Nach einem schweren Fall von Schweinegrippe in Innsbruck befindet sich nun auch im Bundesland Salzburg und in Wien Patienten in kritischem Zustand.
Im Wiener Hanusch-Krankenhaus liegt eine an Schweinegrippe erkrankte Frau auf der Intensivstation. Das bestätigt die Wiener Gebietskrankenkasse, die das Spital betreibt. Weitere Informationen werden offiziell nicht bekannt gegeben. Laut einem Bericht des "Kurier" ist die Patientin schwanger, für sie und das ungeborene Kind bestehe Lebensgefahr. Die H1N1-Infektion soll bei der Schwangeren zu einer schweren Lungenerkrankung geführt haben.
In Salzburg wurde ein 41-jähriger Bayer bereits am Mittwoch in die Notaufnahme der Internen Abteilung des Landeskrankenhauses eingeliefert, wo neben der Grippe auch eine beidseitige Lungenentzündung festgestellt wurde. Der Mann wurde auf die Intensivstation gebracht und in künstlichen Tiefschlaf versetzt, bestätigte Kliniken-Sprecherin Mick Weinberger am Freitag einen Bericht der "Salzburger Nachrichten". "Der Patient befindet sich auch heute noch in einem kritischen Zustand, hat sich aber seit gestern etwas stabilisiert", sagte Weinberger.
Bei der Einlieferung sei ein akutes Lungenversagen festgestellt worden, weshalb sofort intubiert werden musste. Nach der Behandlung sei der Patient in künstlichen Tiefschlaf versetzt worden. Als wahrscheinlichen Grund für den kritischen Verlauf nannte Weinberger, dass die Schweinegrippe unbehandelt geblieben war und vermutlich eine bakterielle Infektion dazu gekommen sei.

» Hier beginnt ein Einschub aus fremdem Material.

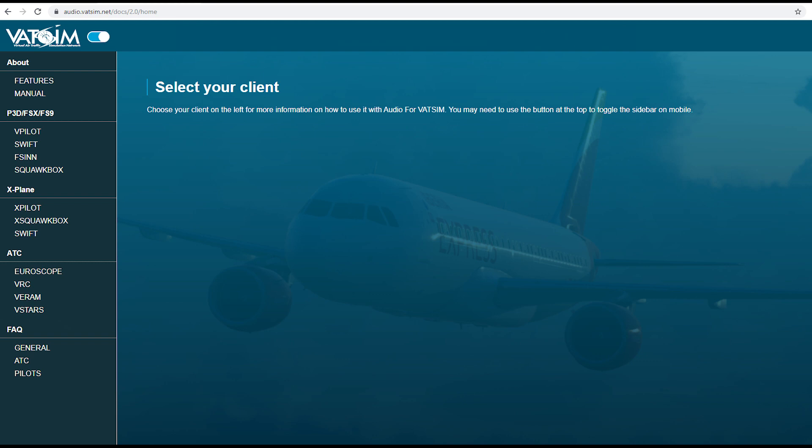You need to start by going to audio.vatsim.net/docs. This website is where you can find information including the manual, information on features, and what ATC clients and programs are available. There's also an FAQ section where you can find out more information about Audio for VATSIM.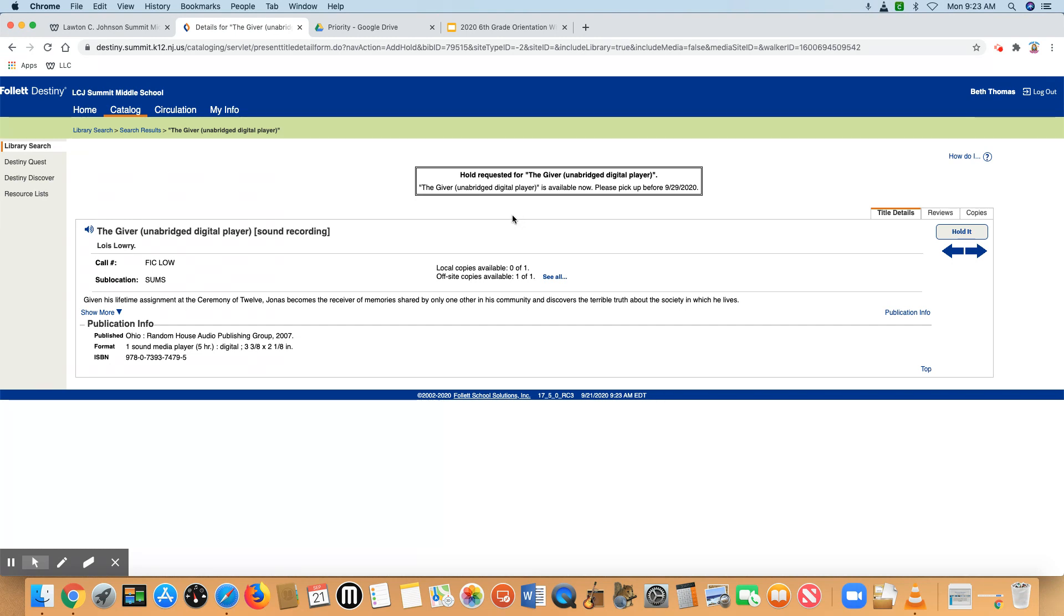But we're doing it differently this year. When you place a hold, Mrs. Dougherty or Mrs. Thomas will get an alert. We will then pull the book, check it out to you, and then deliver it to you during your study hall.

Keine Verbesserung bei Innsbrucker Patientin
Bei der Innsbrucker H1N1-Patientin ist nach wie vor "keine Verbesserung" festzustellen, hieß es aus der Universitätsklinik am Freitag. Das aus Bozen stammende Mädchen liegt seit Freitag vergangener Woche auf der Intensivstation der Innsbrucker Kindermedizin.
Seit bereits einer Woche kann die Sauerstoffversorgung der Organe der Patientin nur mittels einer Maschine (ECMO - Extrakorporale Membranoxygenierung) aufrecht erhalten werden. Grund ist ein Lungenversagen, das seit sieben Tagen keinerlei Besserung zeigt. Der bakterielle Erreger werde seit der Einlieferung der Patientin in Innsbruck erfolgreich mit Antibiotika behandelt. Zusätzlich bekomme die Elfjährige ein antivirales Mittel gegen die H1N1-Infektion, teile die Klinik mit.
Das Lungenversagen sei unverändert. Die Entzündung in der Lunge bestehe auch nach optimaler Bekämpfung der Erreger üblicherweise einige Tage weiter, hieß es.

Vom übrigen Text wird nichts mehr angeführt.